**PROBLEM:** When you reach the line containing "おまけ付き■ボードライク最新■キックスケーターキックボード11", begin reproducing the material exactly, stop after the line containing "時の迷路 恐竜時代から江戸時代まで", and leave out any pictures along the way.

**MATERIAL SHOWN:**

──────────

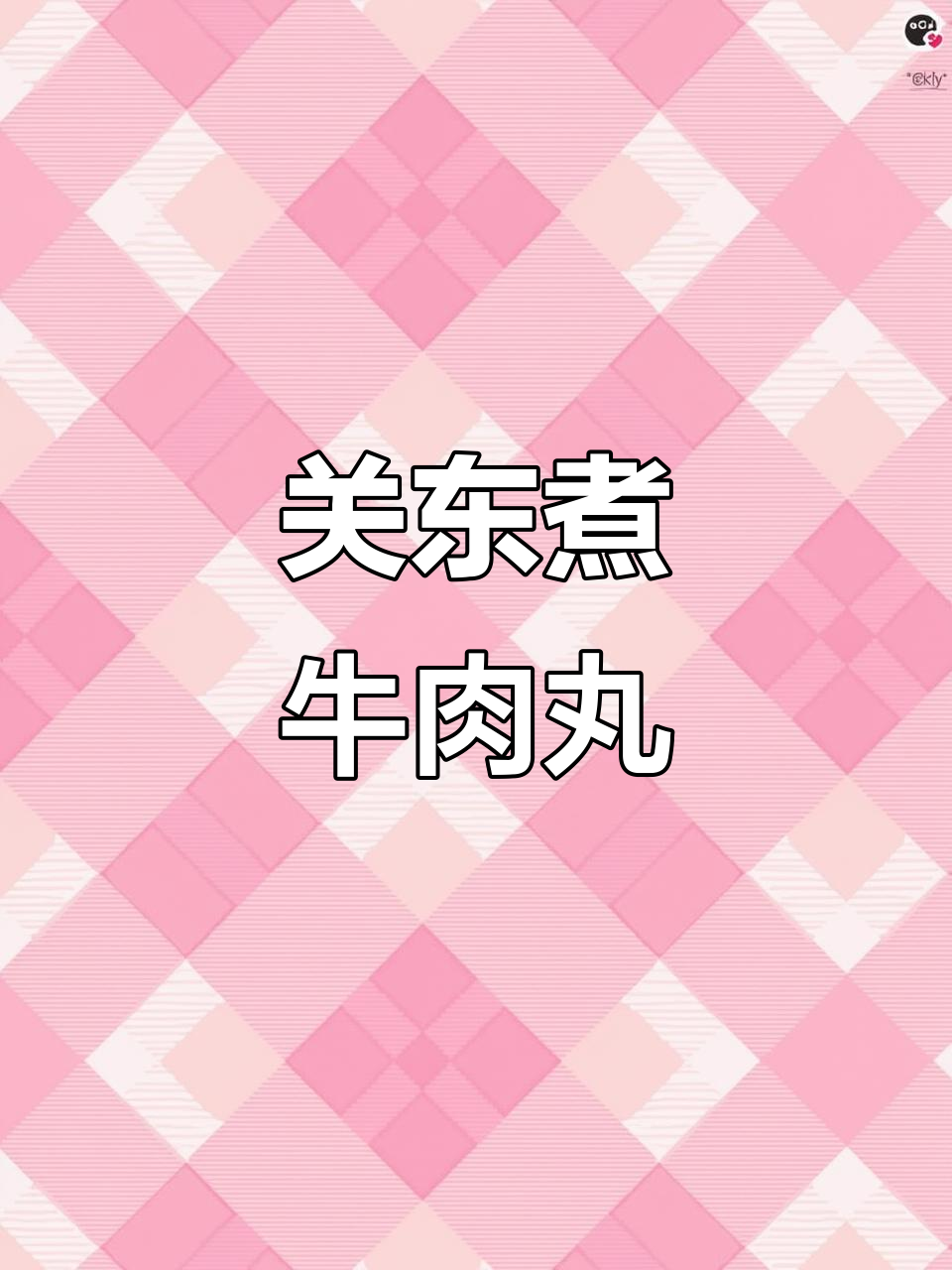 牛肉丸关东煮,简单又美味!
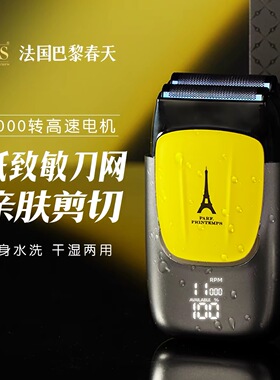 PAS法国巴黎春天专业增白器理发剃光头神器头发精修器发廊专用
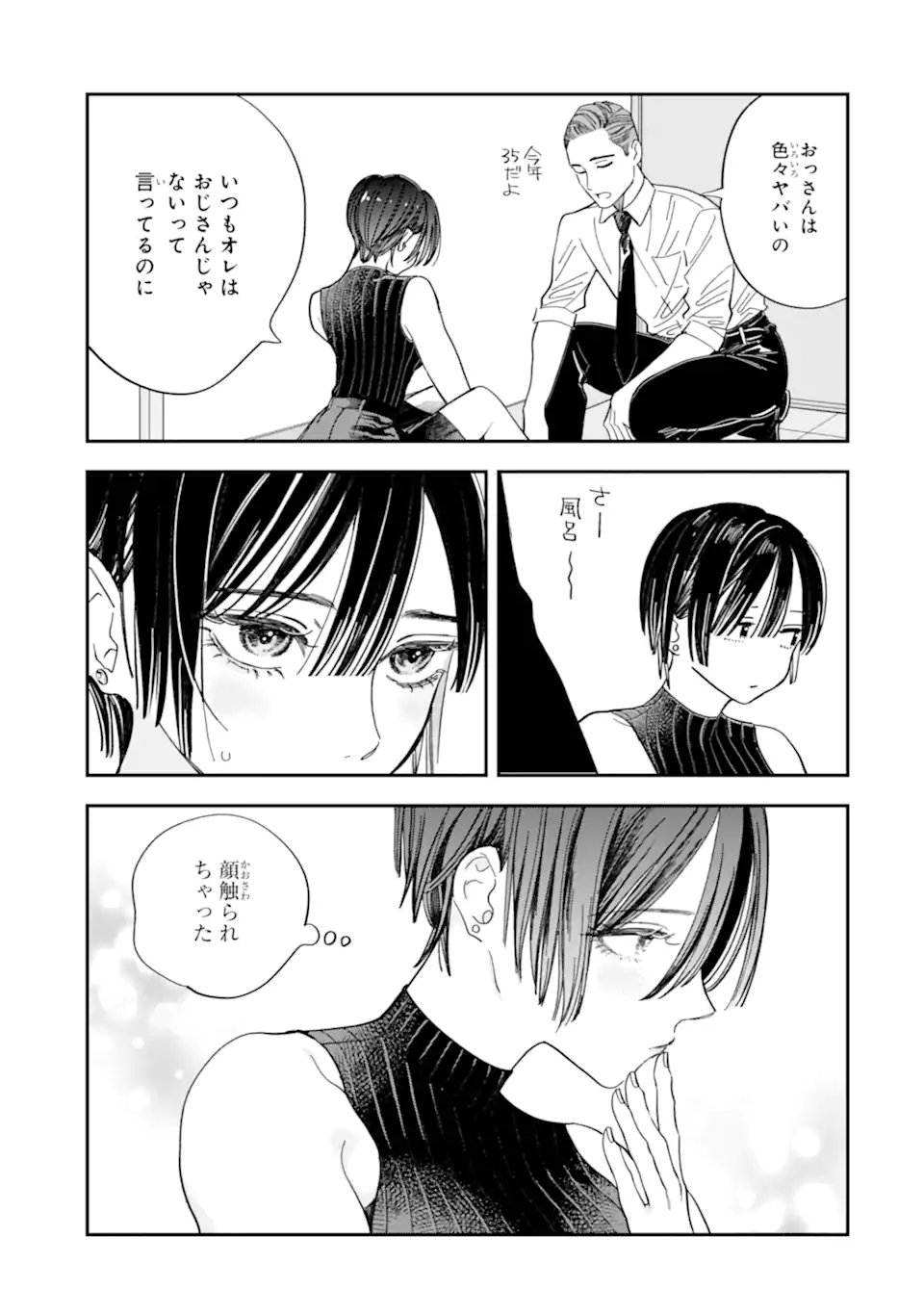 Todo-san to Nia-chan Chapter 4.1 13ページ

──────────

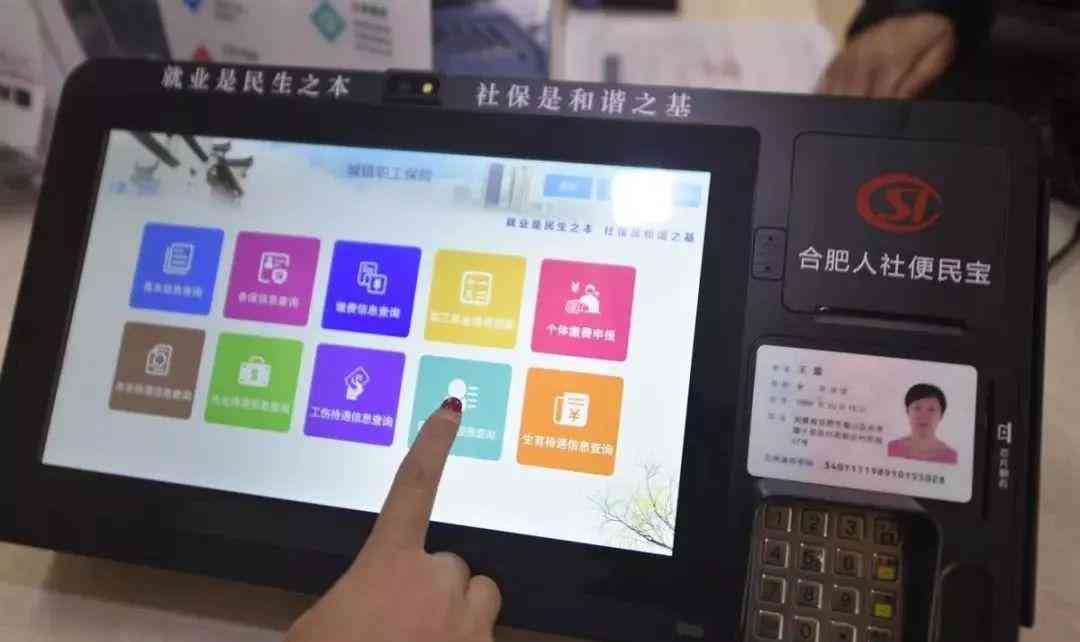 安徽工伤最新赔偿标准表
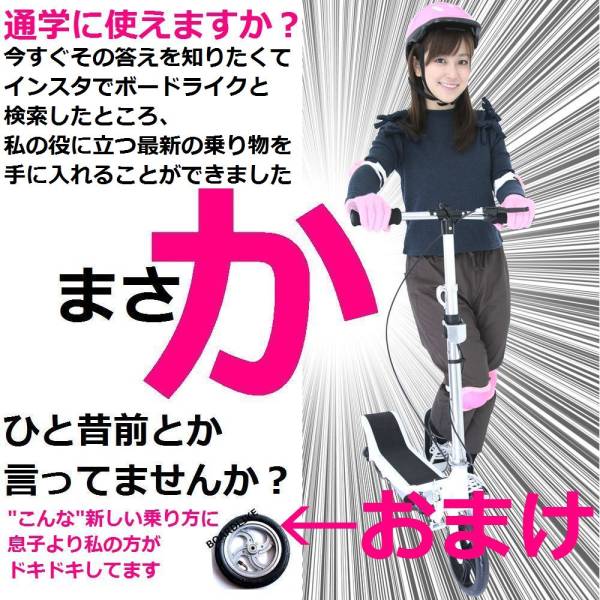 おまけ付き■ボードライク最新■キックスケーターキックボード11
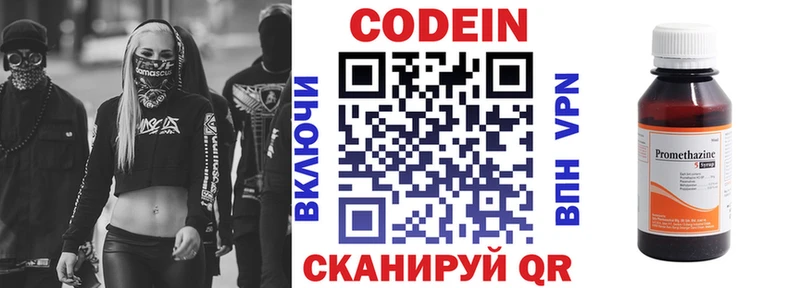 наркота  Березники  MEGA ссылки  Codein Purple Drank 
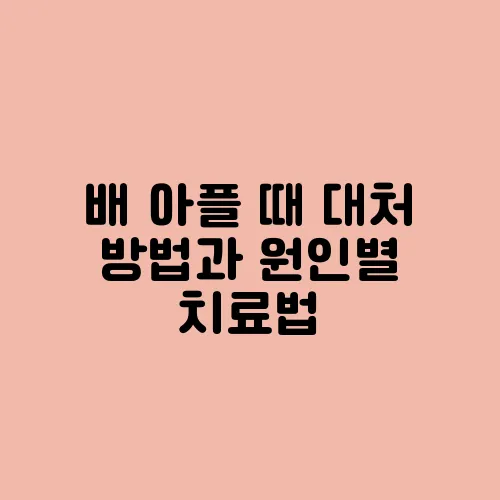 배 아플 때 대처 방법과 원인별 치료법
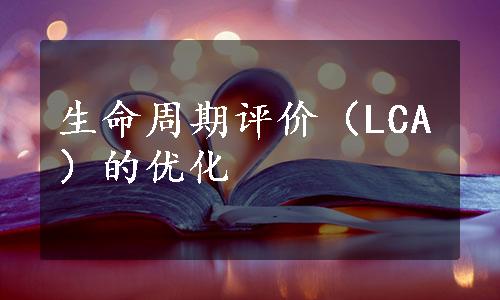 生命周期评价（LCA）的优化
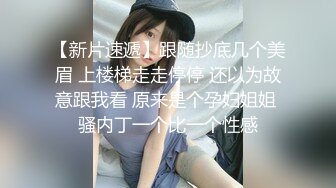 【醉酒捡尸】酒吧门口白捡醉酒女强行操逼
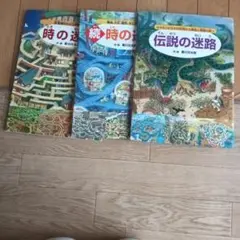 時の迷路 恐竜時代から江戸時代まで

──────────

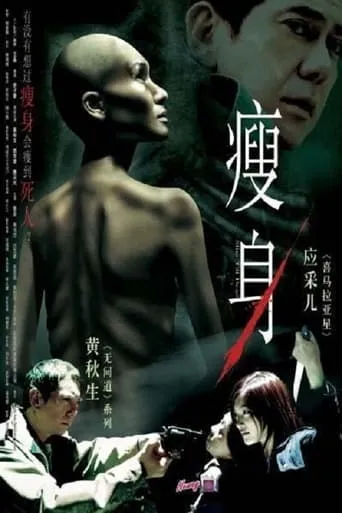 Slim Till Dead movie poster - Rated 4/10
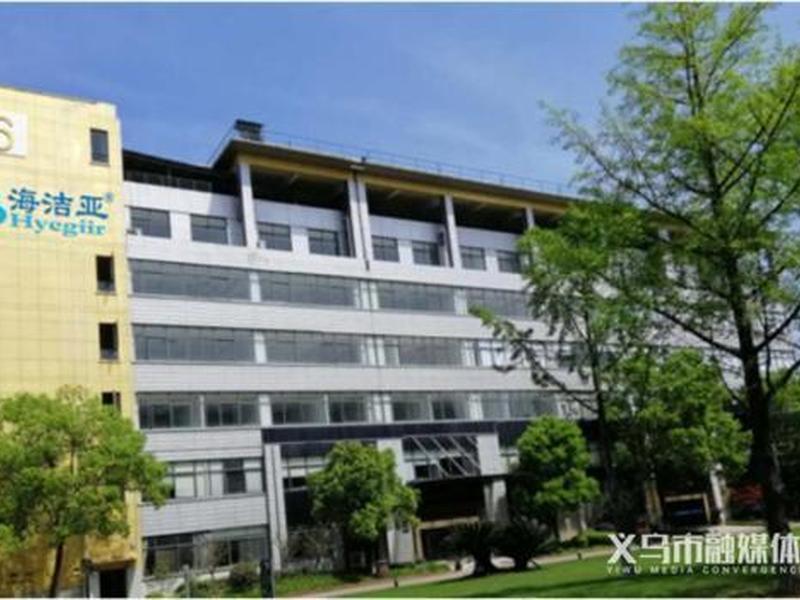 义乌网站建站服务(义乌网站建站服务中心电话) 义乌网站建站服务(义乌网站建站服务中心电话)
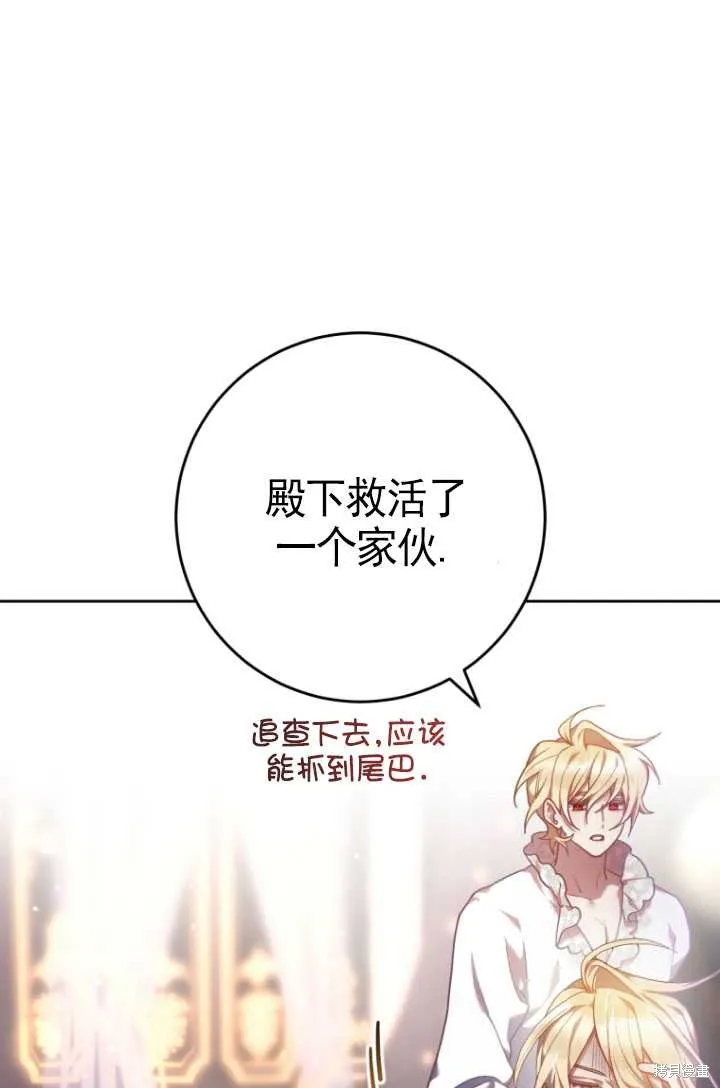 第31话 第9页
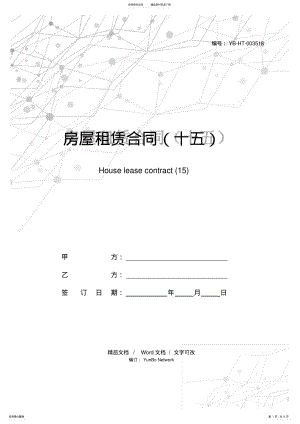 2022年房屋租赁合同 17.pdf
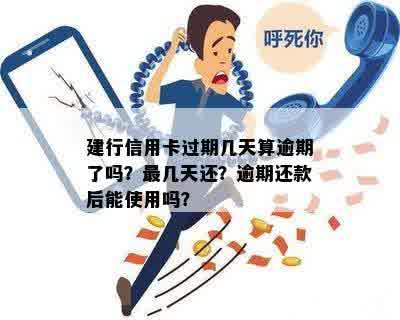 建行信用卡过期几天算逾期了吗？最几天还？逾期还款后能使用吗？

──────────

**ANSWER SPACE:**
 おまけ付き■ボードライク最新■キックスケーターキックボード11
 наркота  Березники  MEGA ссылки  Codein Purple Drank 
 배 아플 때 대처 방법과 원인별 치료법
 生命周期评价（LCA）的优化
 【醉酒捡尸】酒吧门口白捡醉酒女强行操逼
 時の迷路 恐竜時代から江戸時代まで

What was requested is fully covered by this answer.